Mimagyrta abdominalis

Scientific classification
- Domain: Eukaryota
- Kingdom: Animalia
- Phylum: Arthropoda
- Class: Insecta
- Order: Lepidoptera
- Superfamily: Noctuoidea
- Family: Erebidae
- Subfamily: Arctiinae
- Genus: Mimagyrta
- Species: M. abdominalis
- Binomial name: Mimagyrta abdominalis (Rothschild, 1912)
- Synonyms: Agyrta abdominalis Rothschild, 1912;

= Mimagyrta abdominalis =

- Authority: (Rothschild, 1912)
- Synonyms: Agyrta abdominalis Rothschild, 1912

Species of moth

Mimagyrta abdominalis is a moth of the subfamily Arctiinae. It was described by Rothschild in 1912. It is found in French Guiana, Suriname and Venezuela.
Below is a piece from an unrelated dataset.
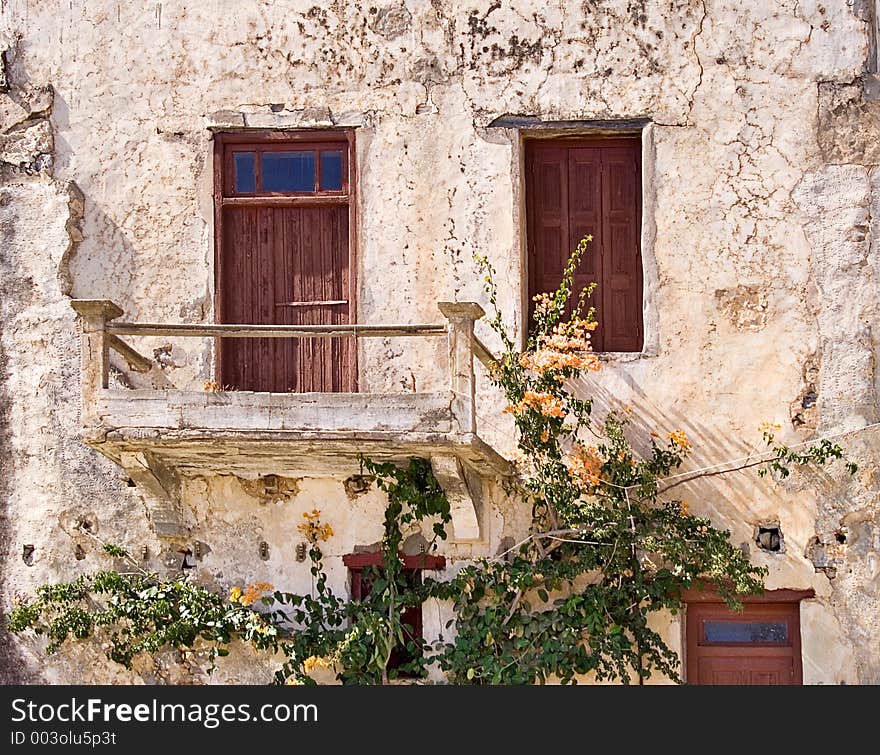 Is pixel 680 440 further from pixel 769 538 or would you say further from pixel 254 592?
pixel 254 592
The length of the forewings is 15–17 mm. The forewings are black with a broad glittering blue band two-fifths along the wing, a hyaline patch in the cell and a larger one below the median vein. There is a hyaline oblique postdiscal band reaching from the subcosta almost to the termen. The hindwings are black with a central hyaline band. The abdominal area is glittering blue.